-- Required work --
Transcribe every entry word for word, but skip the images.
----- Data to process
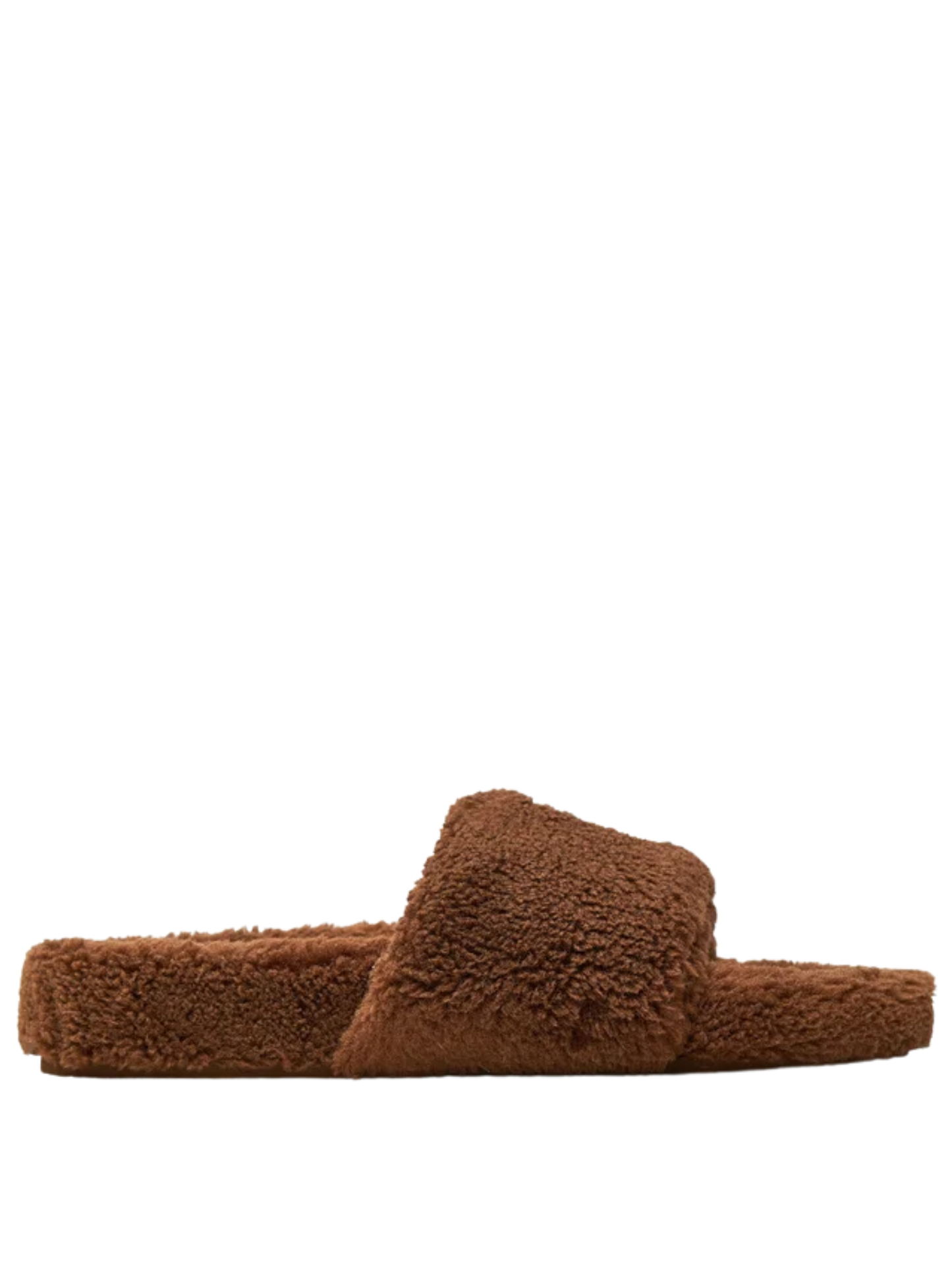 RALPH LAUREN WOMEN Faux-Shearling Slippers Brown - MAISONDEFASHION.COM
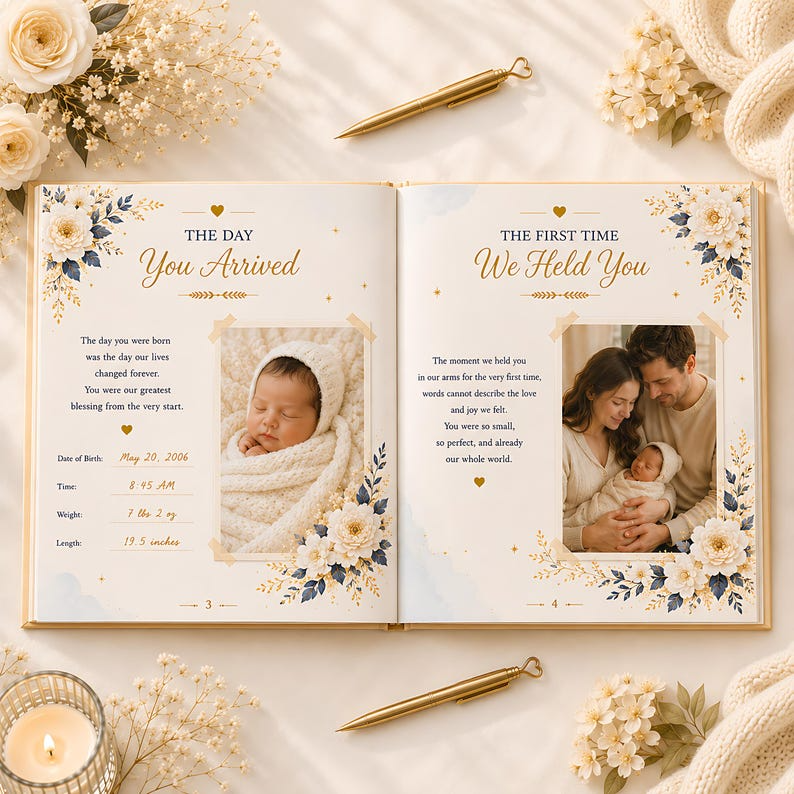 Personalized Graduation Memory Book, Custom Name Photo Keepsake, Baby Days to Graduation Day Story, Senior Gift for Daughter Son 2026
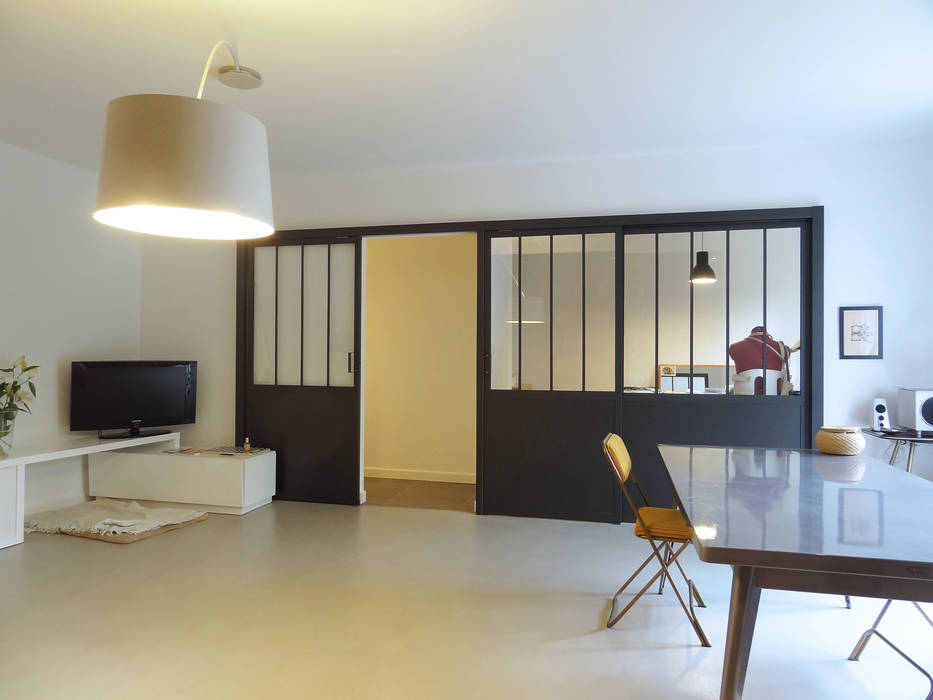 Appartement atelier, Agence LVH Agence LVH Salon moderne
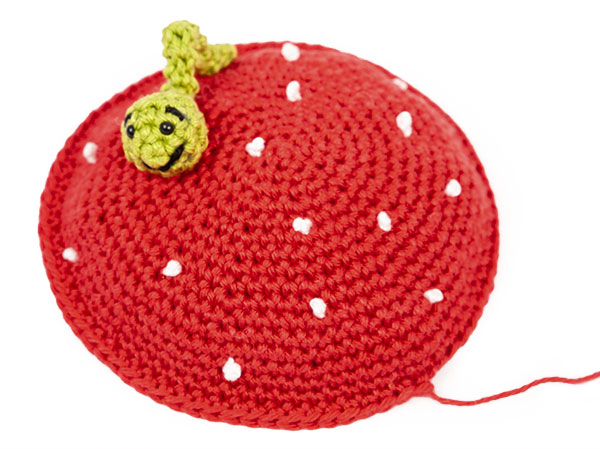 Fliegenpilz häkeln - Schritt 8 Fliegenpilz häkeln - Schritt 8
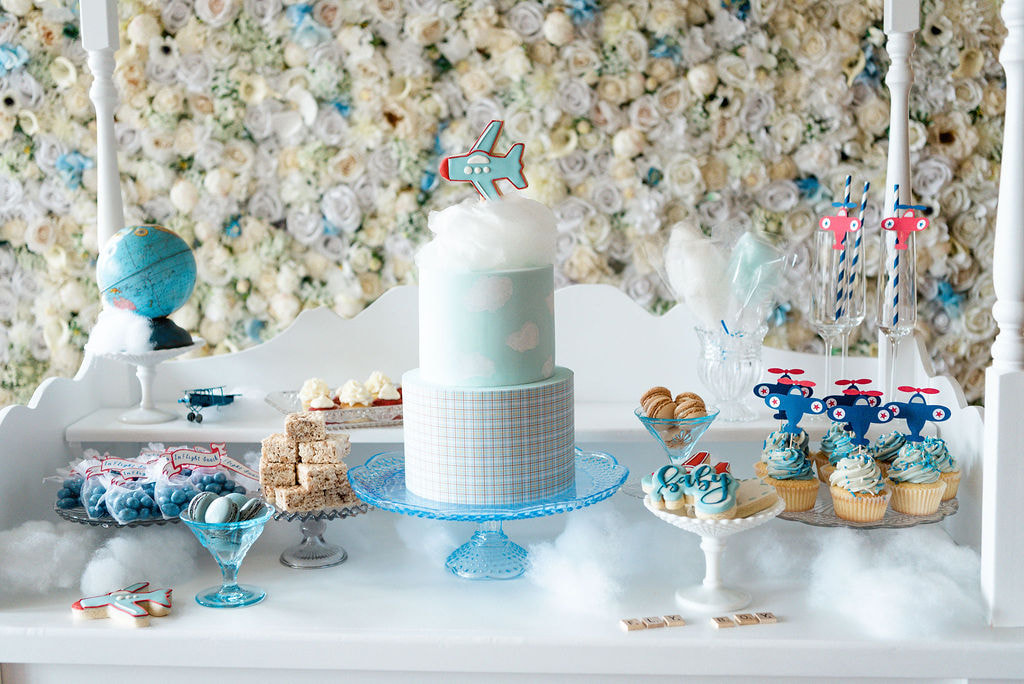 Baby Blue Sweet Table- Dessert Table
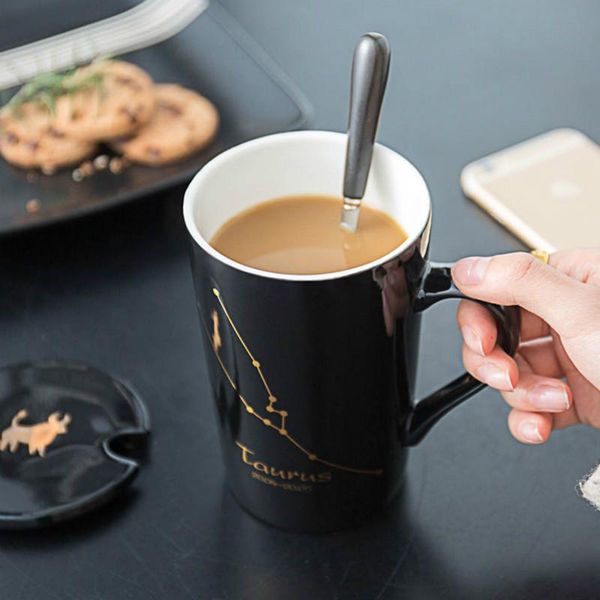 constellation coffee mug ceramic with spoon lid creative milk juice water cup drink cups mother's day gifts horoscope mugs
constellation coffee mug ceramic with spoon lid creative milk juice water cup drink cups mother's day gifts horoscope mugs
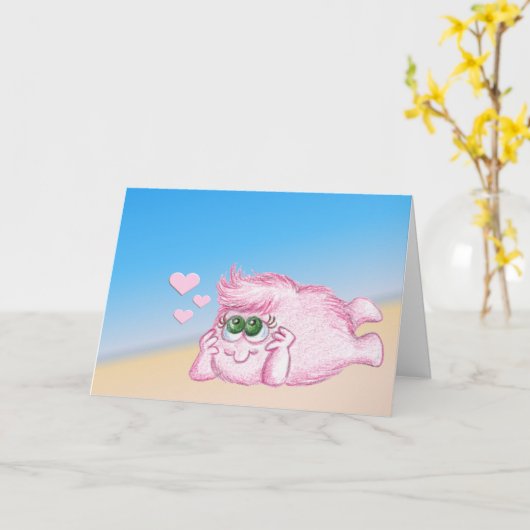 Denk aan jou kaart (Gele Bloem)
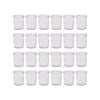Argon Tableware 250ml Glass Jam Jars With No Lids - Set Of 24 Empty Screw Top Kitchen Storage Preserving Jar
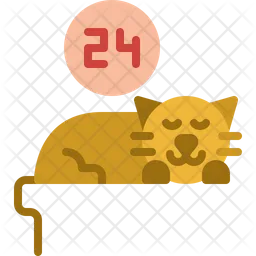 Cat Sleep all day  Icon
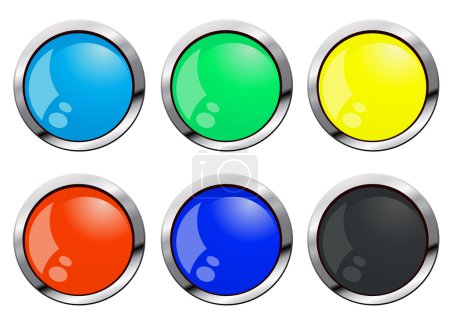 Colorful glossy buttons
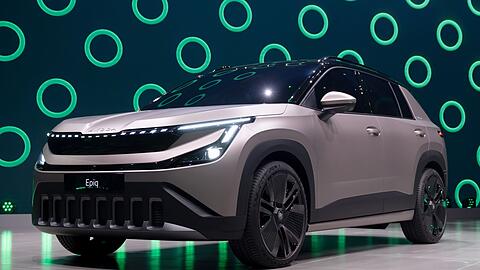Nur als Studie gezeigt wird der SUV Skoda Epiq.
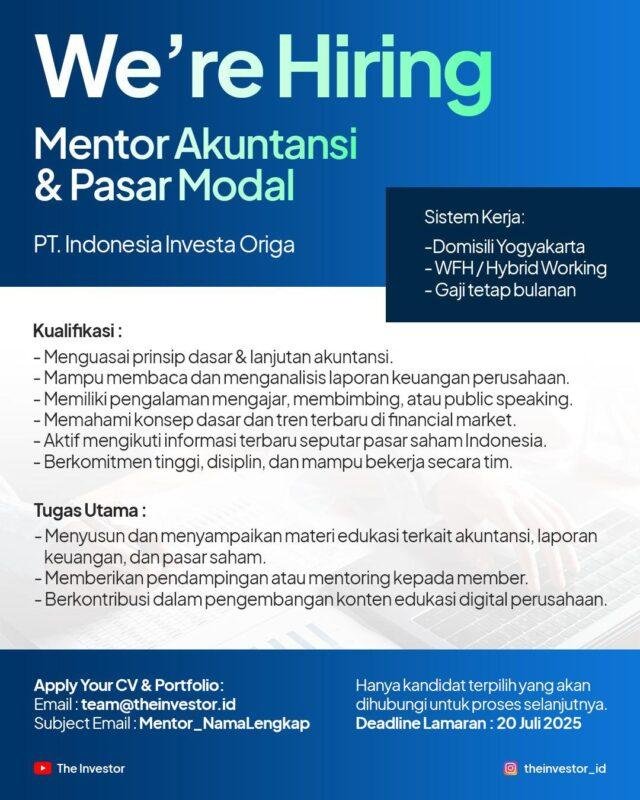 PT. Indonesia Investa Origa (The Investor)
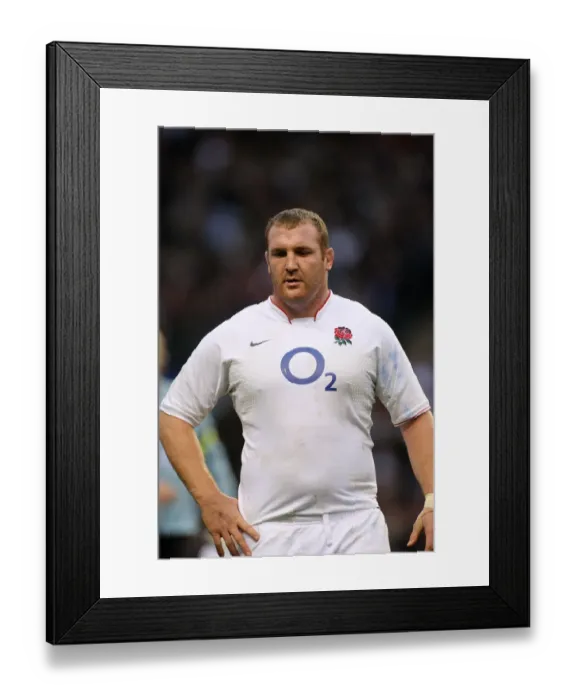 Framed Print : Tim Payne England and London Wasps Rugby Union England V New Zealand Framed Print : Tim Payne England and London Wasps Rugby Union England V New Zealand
----------
-- Result of this task --
 RALPH LAUREN WOMEN Faux-Shearling Slippers Brown - MAISONDEFASHION.COM
 Personalized Graduation Memory Book, Custom Name Photo Keepsake, Baby Days to Graduation Day Story, Senior Gift for Daughter Son 2026
 Appartement atelier, Agence LVH Agence LVH Salon moderne
 Fliegenpilz häkeln - Schritt 8 Fliegenpilz häkeln - Schritt 8
 Baby Blue Sweet Table- Dessert Table
 constellation coffee mug ceramic with spoon lid creative milk juice water cup drink cups mother's day gifts horoscope mugs
constellation coffee mug ceramic with spoon lid creative milk juice water cup drink cups mother's day gifts horoscope mugs
 Denk aan jou kaart (Gele Bloem)
Argon Tableware 250ml Glass Jam Jars With No Lids - Set Of 24 Empty Screw Top Kitchen Storage Preserving Jar
 Cat Sleep all day  Icon
 Colorful glossy buttons
Nur als Studie gezeigt wird der SUV Skoda Epiq.
 PT. Indonesia Investa Origa (The Investor)
 Framed Print : Tim Payne England and London Wasps Rugby Union England V New Zealand Framed Print : Tim Payne England and London Wasps Rugby Union England V New Zealand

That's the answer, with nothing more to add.